══ DATA UNDER STUDY ══

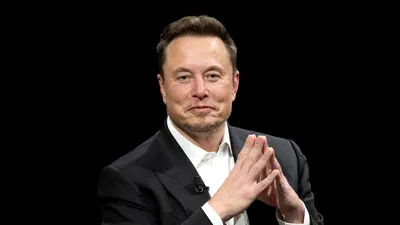 O Tesla Cybertruck a fost transformată în bombă. Cybertruck este produsul „vedetă” al lui Elon Musk - VIDEO
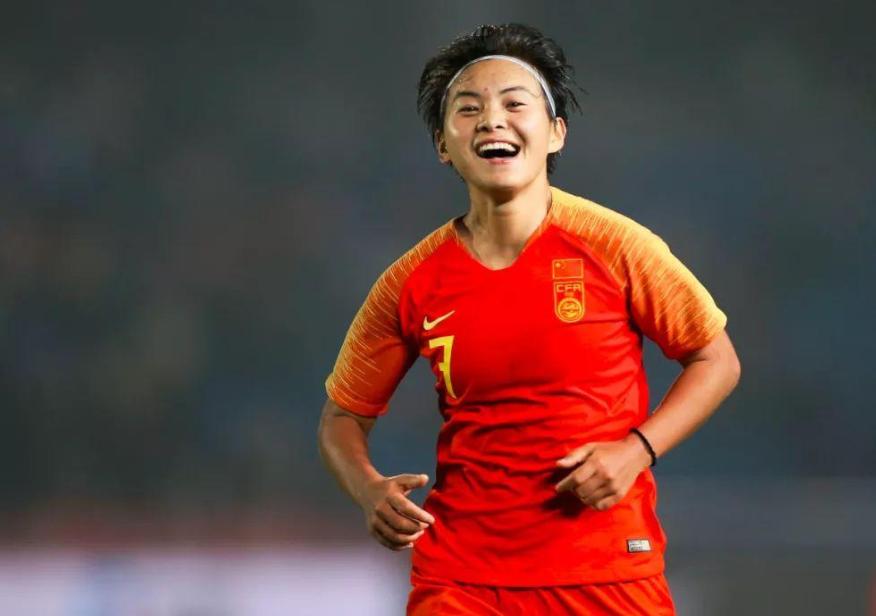 中国女足1-6惨败事件,中国女足1-6惨败英格兰低级失误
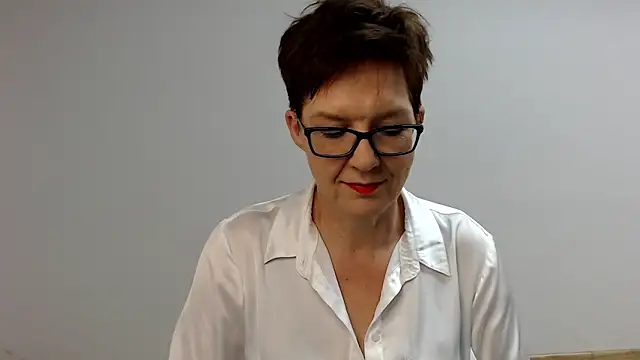 Snapshot of Sofie69Velvet chatting on 03-14-25, 03:58 Sofie69Velvet online show from 03-14-25, 03:58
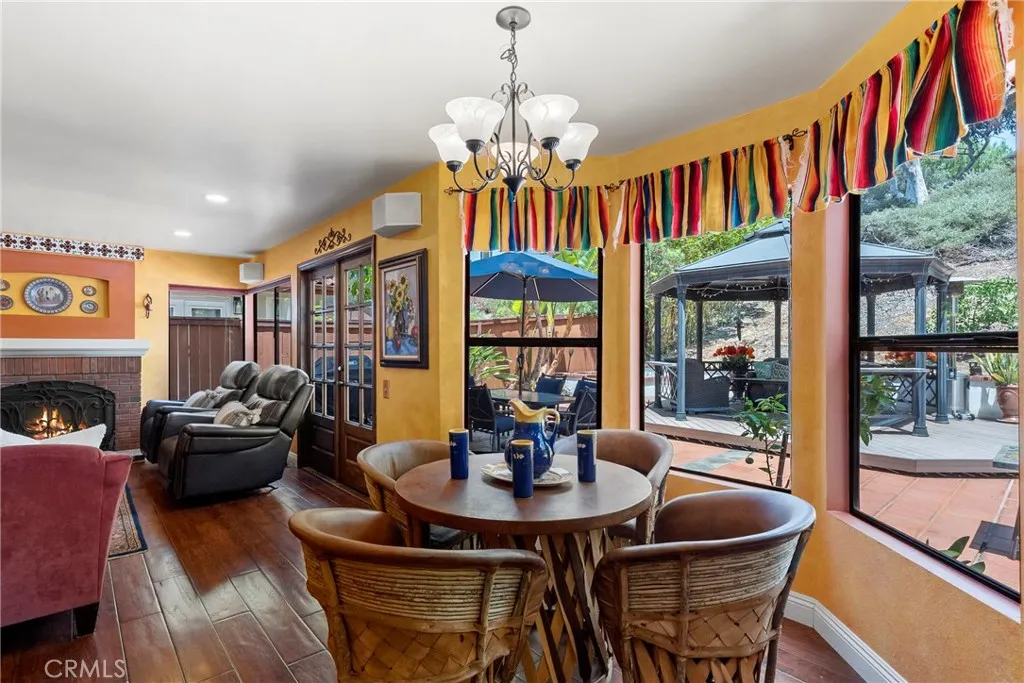 https://cdn.realtyfeed.com/cdn/127/306790817/2bbd84f6f89c1aac7fc79b5b7d9a82b6.webp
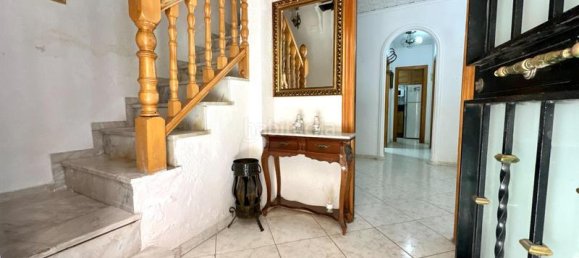 4 bedrooms Townhouse in Sagunto, Spain No. 33069 3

═══

[TASK TO CARRY OUT] Give the entries again, exactly and in full, with no image included.

[PROBLEM SOLUTION]
 O Tesla Cybertruck a fost transformată în bombă. Cybertruck este produsul „vedetă” al lui Elon Musk - VIDEO
 中国女足1-6惨败事件,中国女足1-6惨败英格兰低级失误
 Snapshot of Sofie69Velvet chatting on 03-14-25, 03:58 Sofie69Velvet online show from 03-14-25, 03:58
 https://cdn.realtyfeed.com/cdn/127/306790817/2bbd84f6f89c1aac7fc79b5b7d9a82b6.webp
 4 bedrooms Townhouse in Sagunto, Spain No. 33069 3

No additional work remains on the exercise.